Exercise details
Once "Close-up of women's" turns up in a line below, reproduce that line and those after it exactly, stopping after the line with "unfurnished dining area"; leave pictures out.

Recorded data
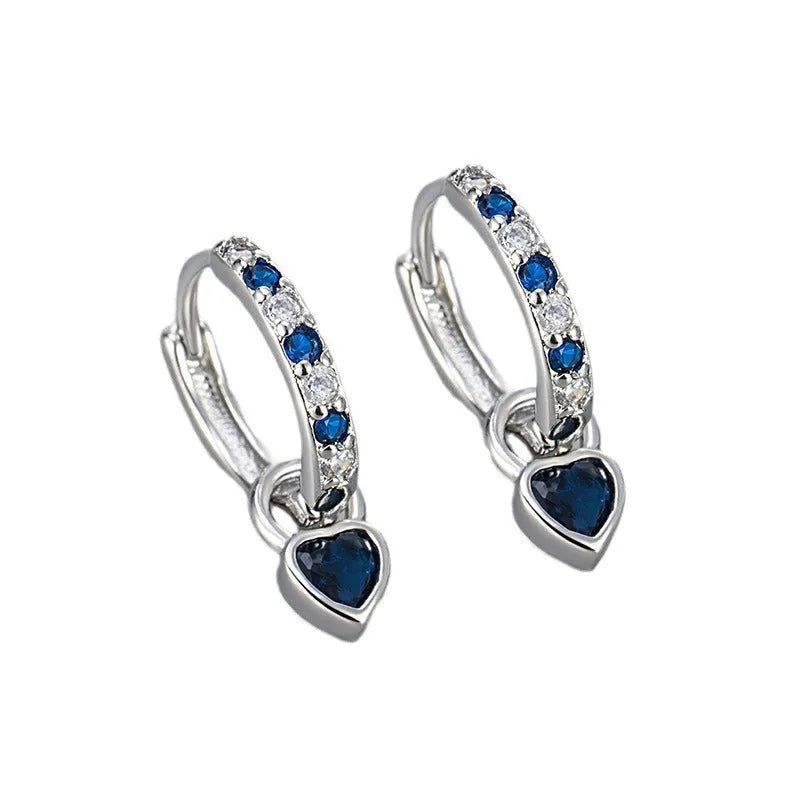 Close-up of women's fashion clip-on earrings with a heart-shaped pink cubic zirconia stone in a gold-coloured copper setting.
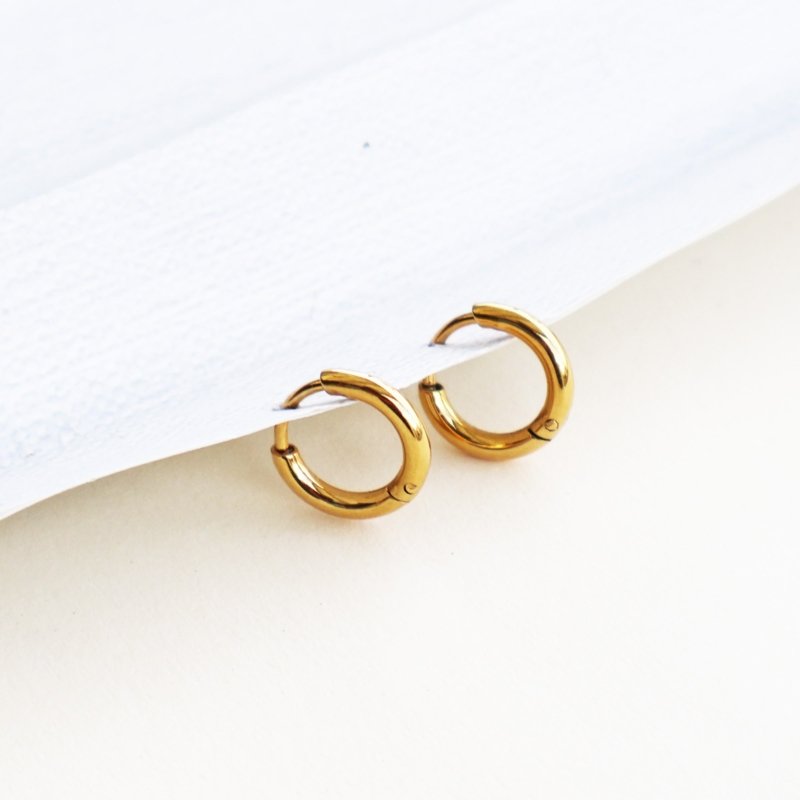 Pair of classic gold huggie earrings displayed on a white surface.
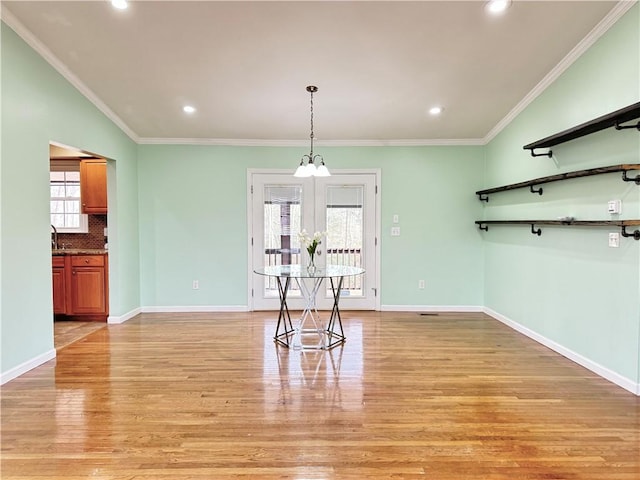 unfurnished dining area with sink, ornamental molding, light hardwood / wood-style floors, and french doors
---
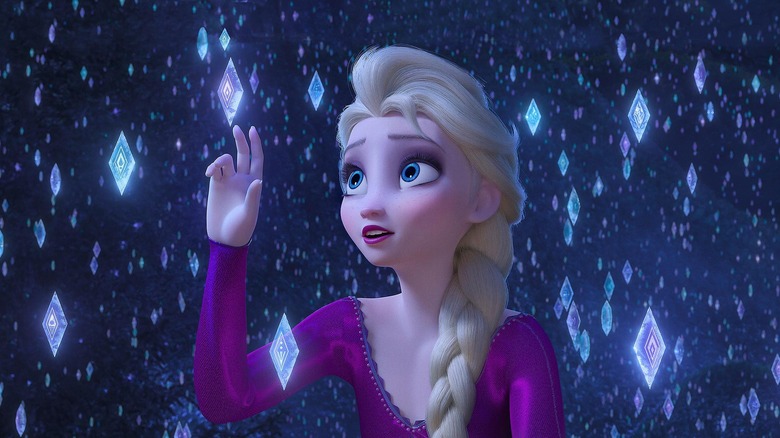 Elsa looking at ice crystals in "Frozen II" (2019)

Result of the task
 Close-up of women's fashion clip-on earrings with a heart-shaped pink cubic zirconia stone in a gold-coloured copper setting.
 Pair of classic gold huggie earrings displayed on a white surface.
 unfurnished dining area with sink, ornamental molding, light hardwood / wood-style floors, and french doors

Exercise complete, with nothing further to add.